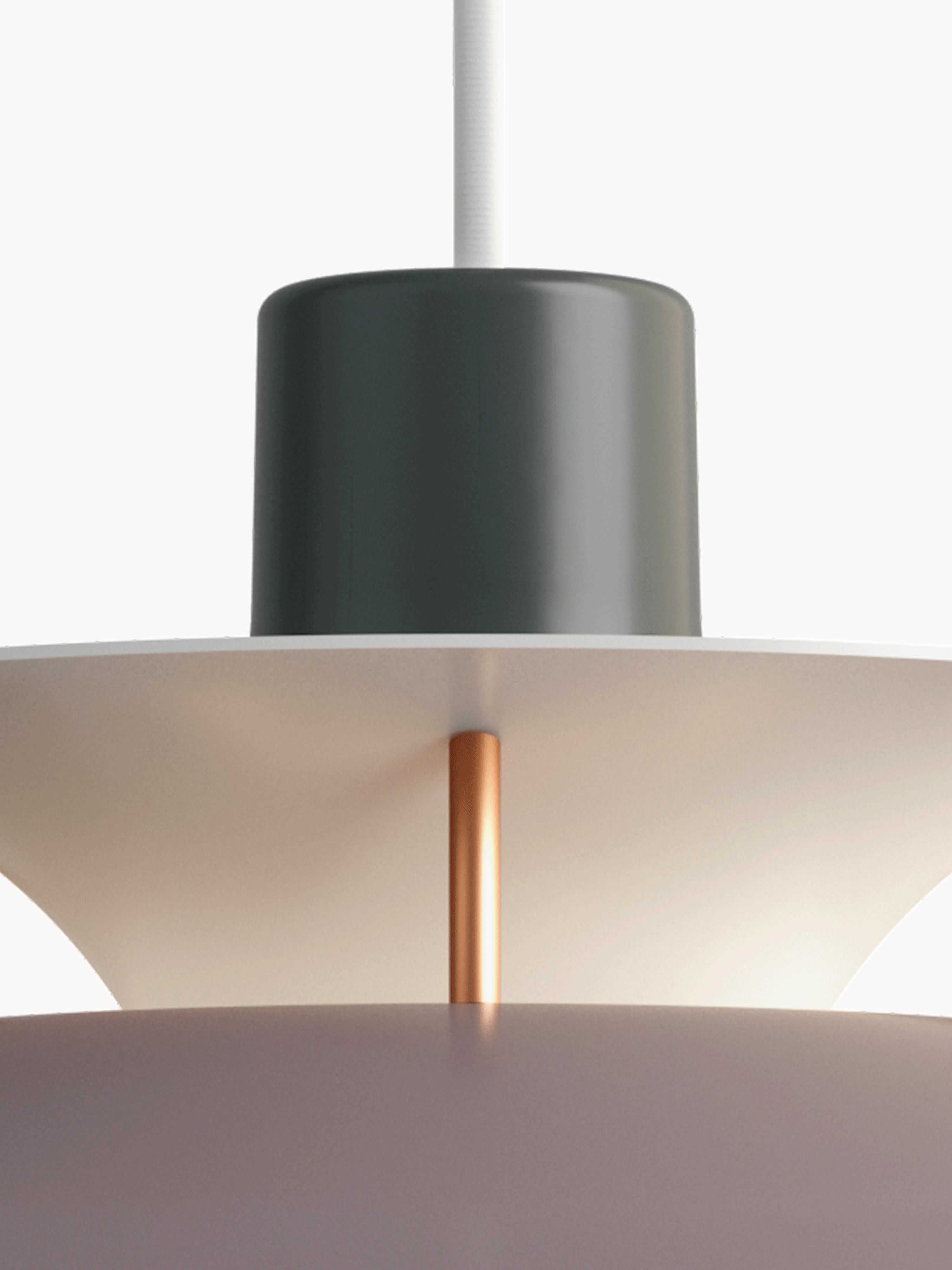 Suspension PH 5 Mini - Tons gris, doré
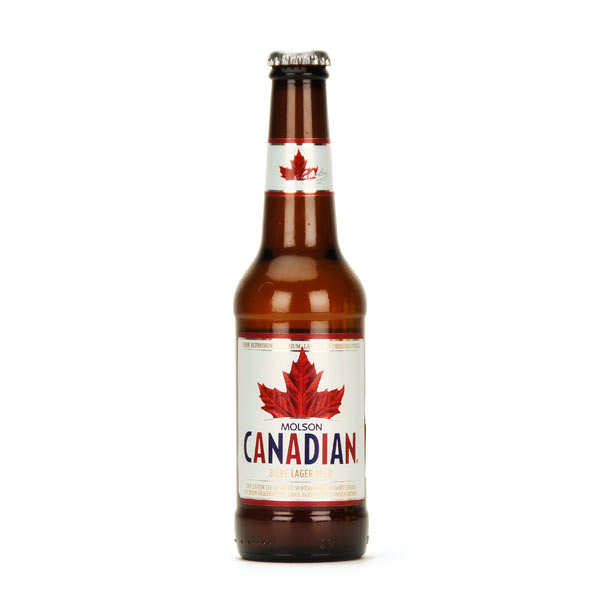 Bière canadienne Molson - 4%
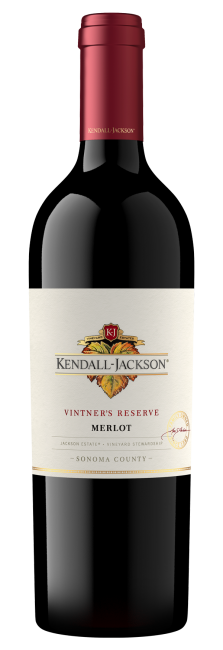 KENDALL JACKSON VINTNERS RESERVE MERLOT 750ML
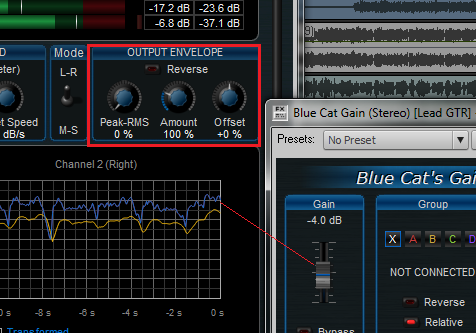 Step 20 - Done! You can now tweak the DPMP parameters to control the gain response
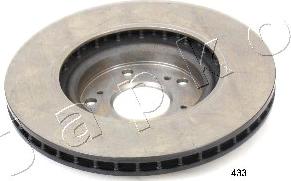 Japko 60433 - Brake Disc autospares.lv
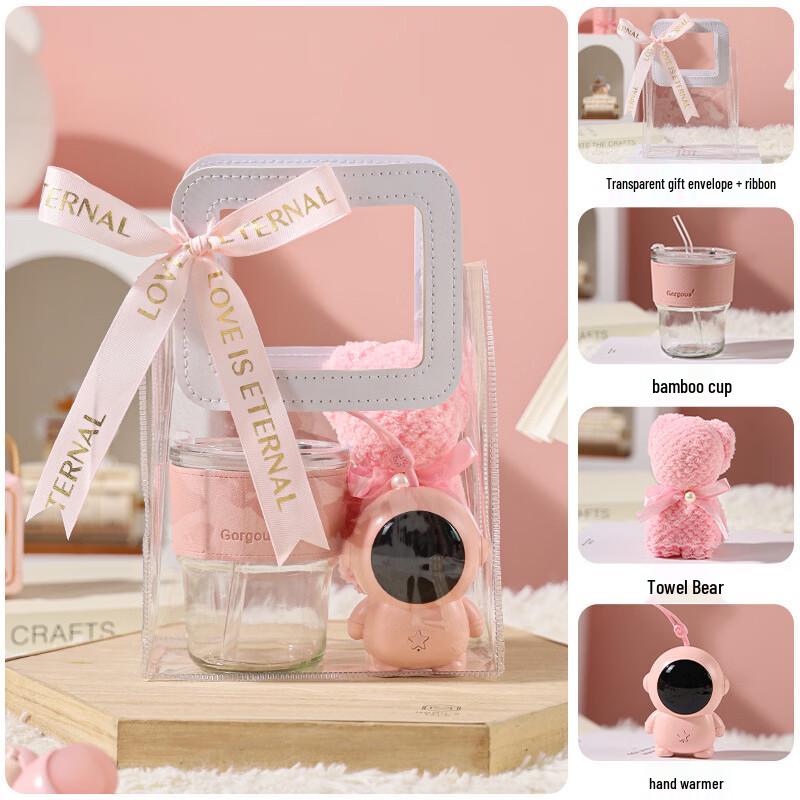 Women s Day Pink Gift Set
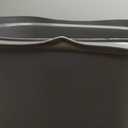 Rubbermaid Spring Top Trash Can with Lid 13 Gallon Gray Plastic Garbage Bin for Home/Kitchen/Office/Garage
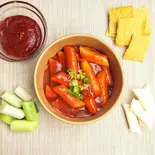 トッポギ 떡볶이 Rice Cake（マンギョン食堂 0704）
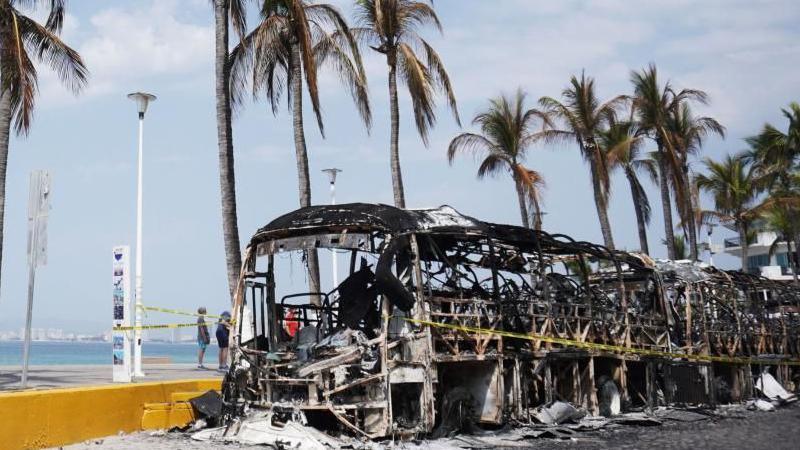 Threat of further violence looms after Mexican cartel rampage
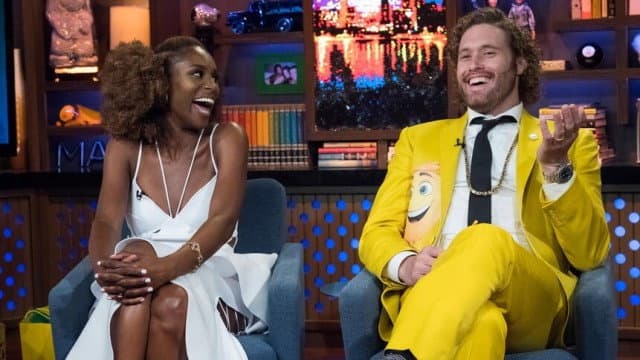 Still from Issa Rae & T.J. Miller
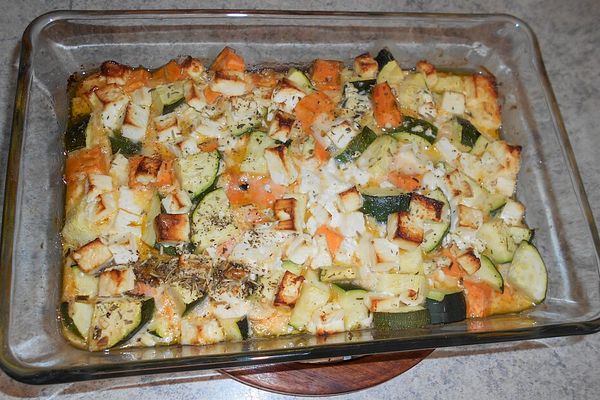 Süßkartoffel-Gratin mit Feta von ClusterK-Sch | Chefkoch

_EXERCISE BRIEF_
Repeat the lines from the line containing "Still from Issa Rae & T.J. Miller" through the end of the material above exactly, with no pictures and nothing else.

_YOUR SOLUTION_
 Still from Issa Rae & T.J. Miller
 Süßkartoffel-Gratin mit Feta von ClusterK-Sch | Chefkoch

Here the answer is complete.